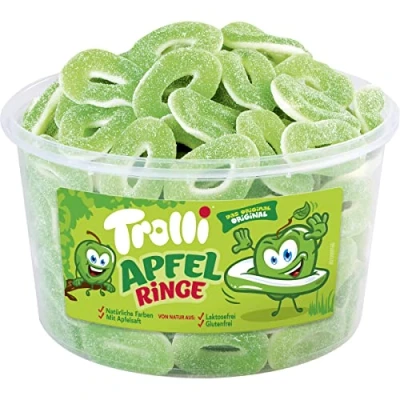 Abbildung von Trolli Saure Grüne Apfelringe Schaumgummi Fruchtgummi 150 Stück 1200g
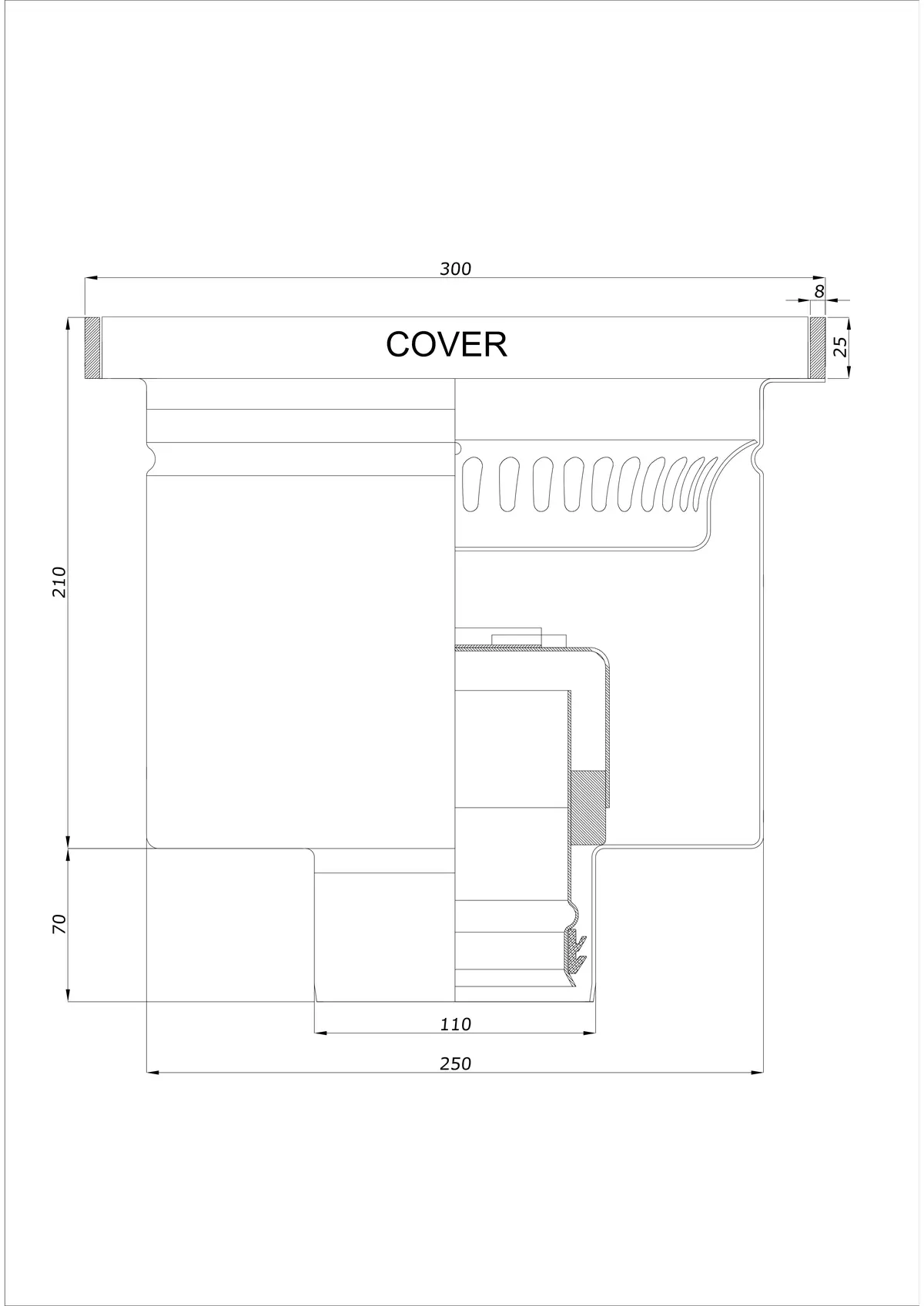Podlahový odtok BK_KROD 300 DN 110 s okrajem 25x8mm - Jednodílný vertikální odtok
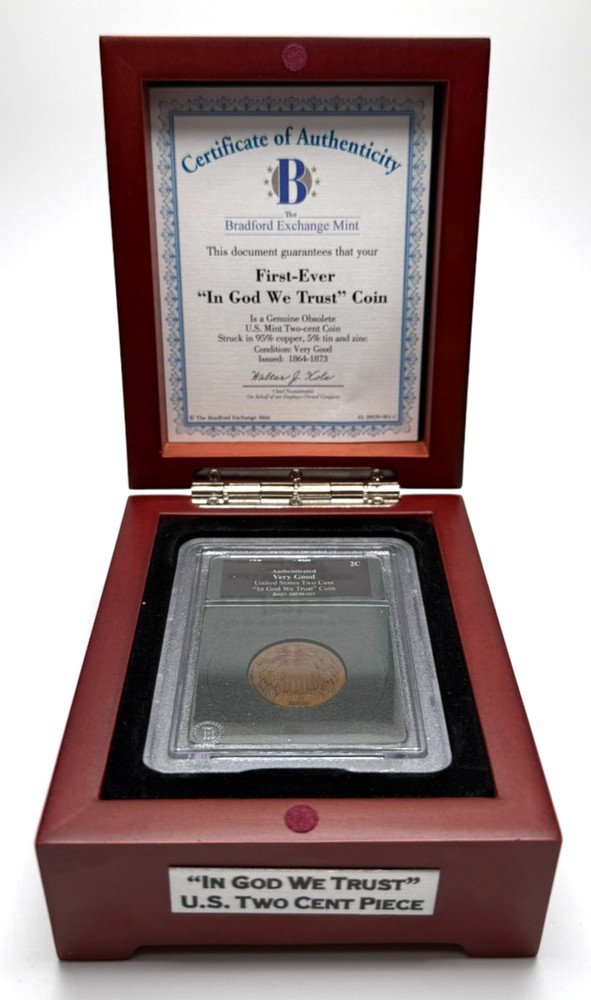 1865 First Ever "In God We Trust" U.S. 2C Coin, Authenticated VG - Bradley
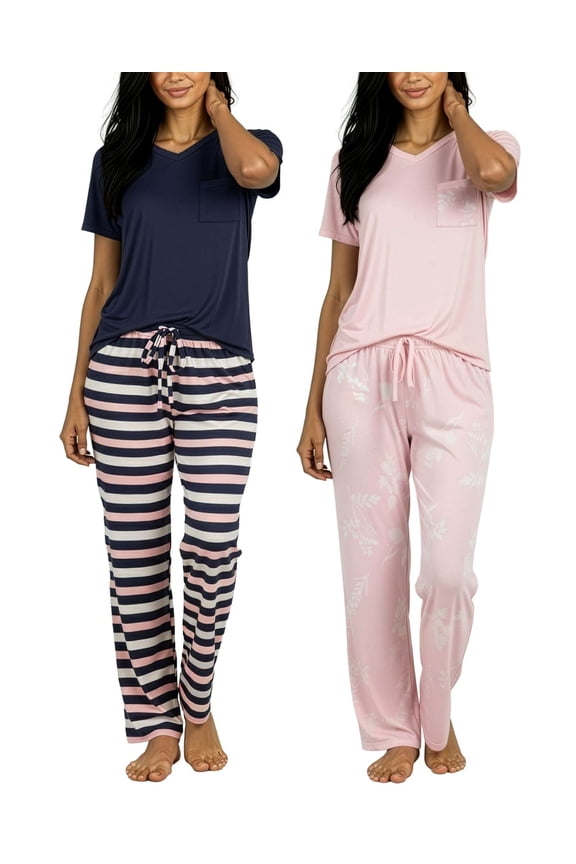 2 Pack: Women's Comfy Pajama Sets - Short Sleeve Ladies Loungewear Sleepwear PJs (Available In Plus)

The problem
Wherever a picture appears in the material above, skip it and copy the rest without change.

Task answer
 Abbildung von Trolli Saure Grüne Apfelringe Schaumgummi Fruchtgummi 150 Stück 1200g
Podlahový odtok BK_KROD 300 DN 110 s okrajem 25x8mm - Jednodílný vertikální odtok
 1865 First Ever "In God We Trust" U.S. 2C Coin, Authenticated VG - Bradley
 2 Pack: Women's Comfy Pajama Sets - Short Sleeve Ladies Loungewear Sleepwear PJs (Available In Plus)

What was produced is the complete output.